_Excerpted records_

━━━━━━━━━━━━━━━━━━━━

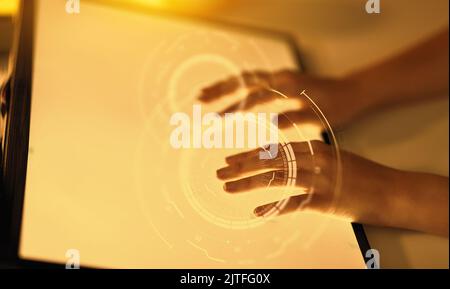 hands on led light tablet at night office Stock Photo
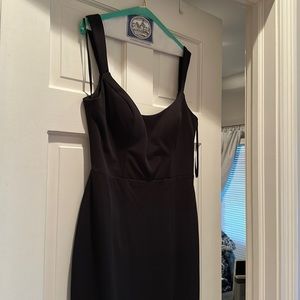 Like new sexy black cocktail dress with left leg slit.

━━━━━━━━━━━━━━━━━━━━

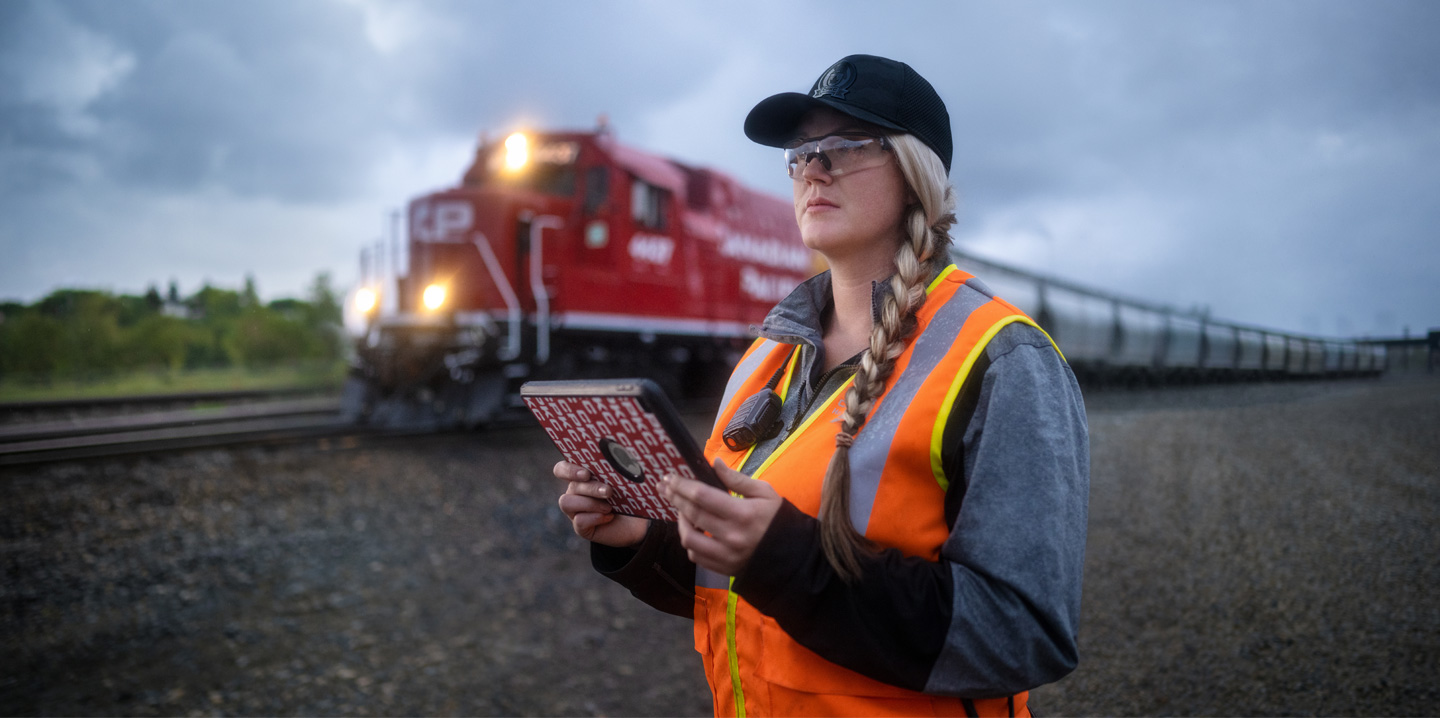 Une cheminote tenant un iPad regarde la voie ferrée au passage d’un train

━━━━━━━━━━━━━━━━━━━━

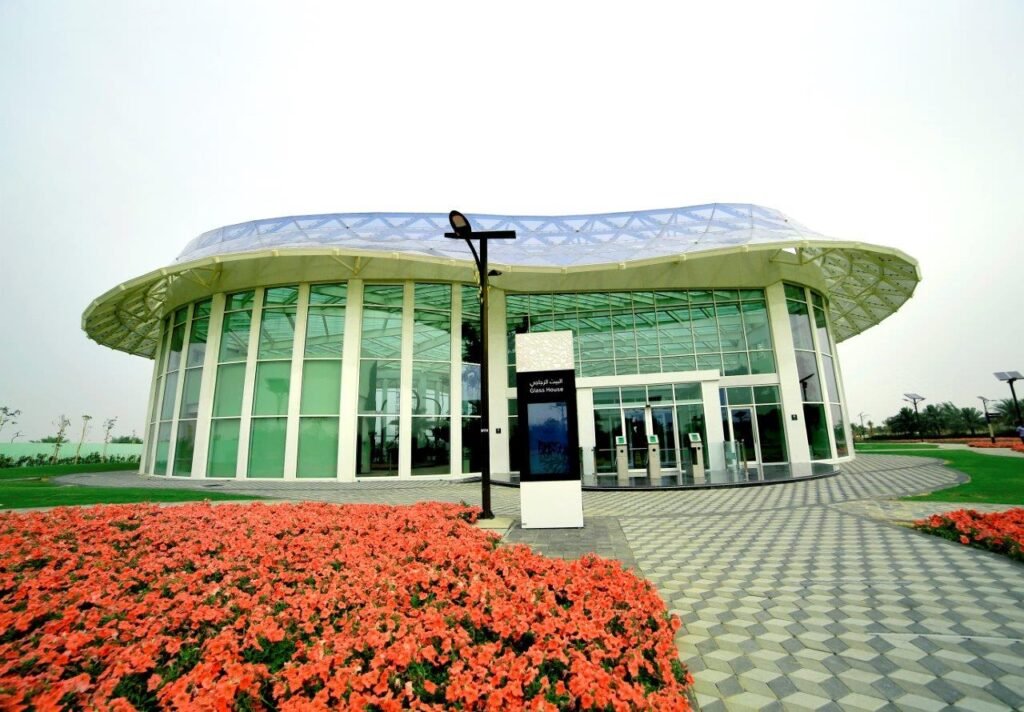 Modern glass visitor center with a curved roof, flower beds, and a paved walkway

━━━━━━━━━━━━━━━━━━━━

Up in the listing, locate the line with "hands on led"; print it and every line after it down to the line with "Like new sexy", which is included too. Skip the pictures.

_Reply_
 hands on led light tablet at night office Stock Photo
 Like new sexy black cocktail dress with left leg slit.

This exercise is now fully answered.